## ABOUT THIS EXERCISE:
The answer is to be the lines below that lie between the line holding "Leveraging Python for" and the line holding "PlayStation 3 12 gb", inclusive, transcribed exactly and free of pictures.

## MATERIAL FOR THIS EXERCISE:
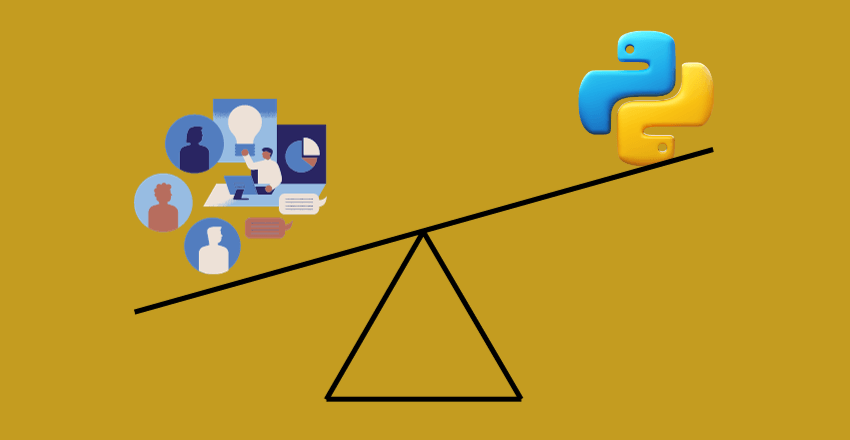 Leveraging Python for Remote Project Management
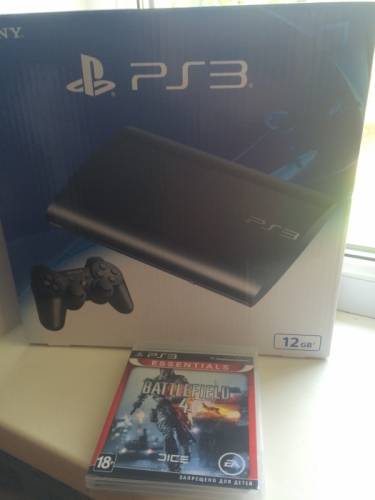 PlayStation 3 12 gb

==

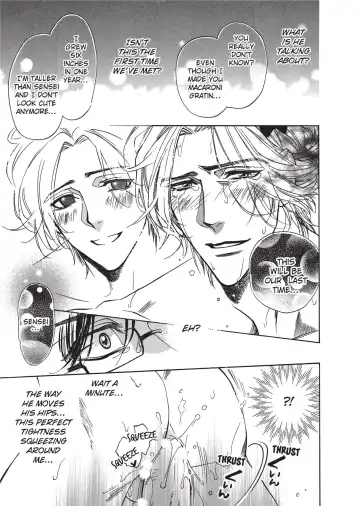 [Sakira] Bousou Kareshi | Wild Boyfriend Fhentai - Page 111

## RESPONSE TO THIS EXERCISE:
 Leveraging Python for Remote Project Management
 PlayStation 3 12 gb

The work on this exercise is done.